> **Activity**
Leave the pictures out, and repeat exactly every line from the one with "Usata Lancia Musa" through the end of the data below.

> **Data block**
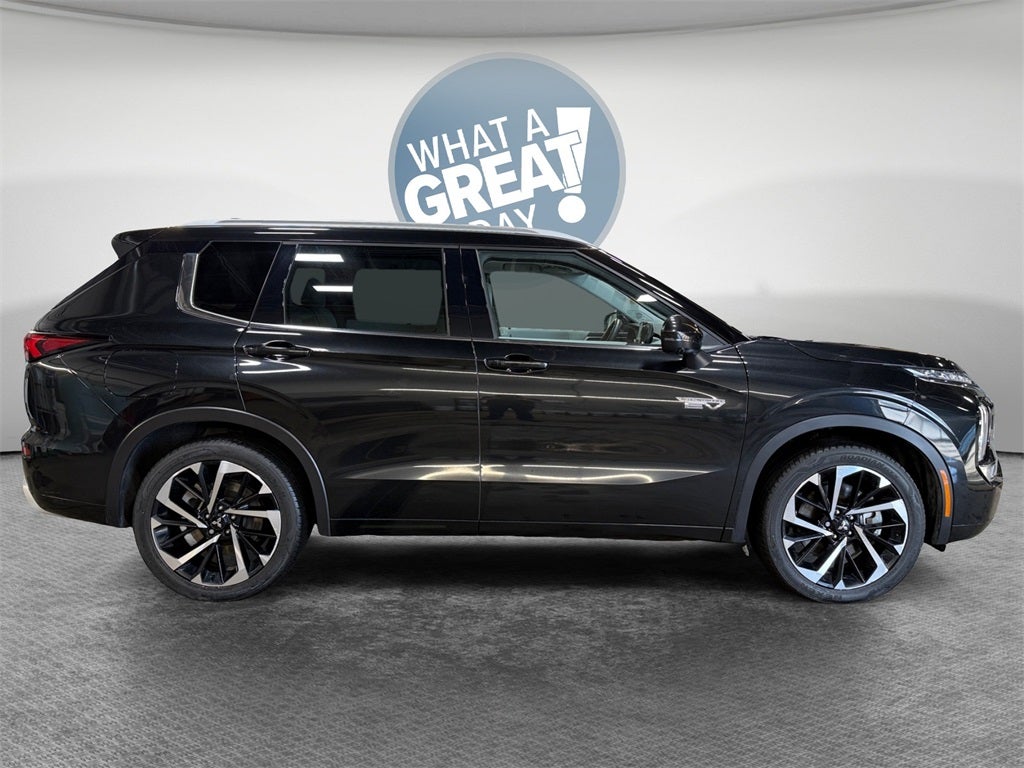 2023 Mitsubishi Outlander PHEV SEL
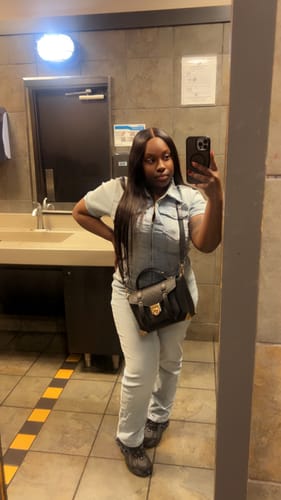 Customer photo review of CurlyMe Pre-bleached Body Wave Hair Wear Go Glueless Wig 7x5 Pre-cut HD Lace Pre-plucked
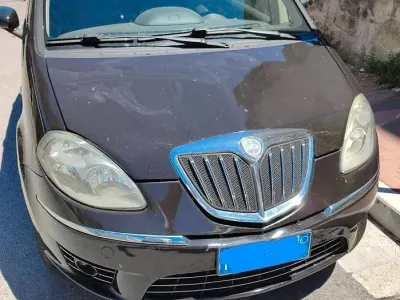 Usata Lancia Musa 90 CV (66 kW) 2007 Marrone Monovolume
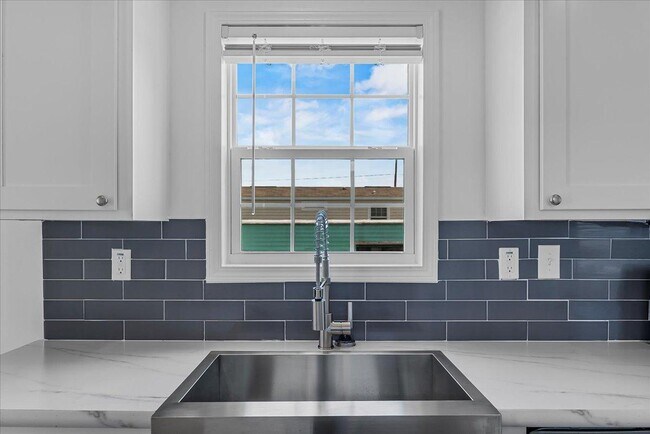 Building Photo - 38 Betty Dr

> **Exercise output**
 Usata Lancia Musa 90 CV (66 kW) 2007 Marrone Monovolume
 Building Photo - 38 Betty Dr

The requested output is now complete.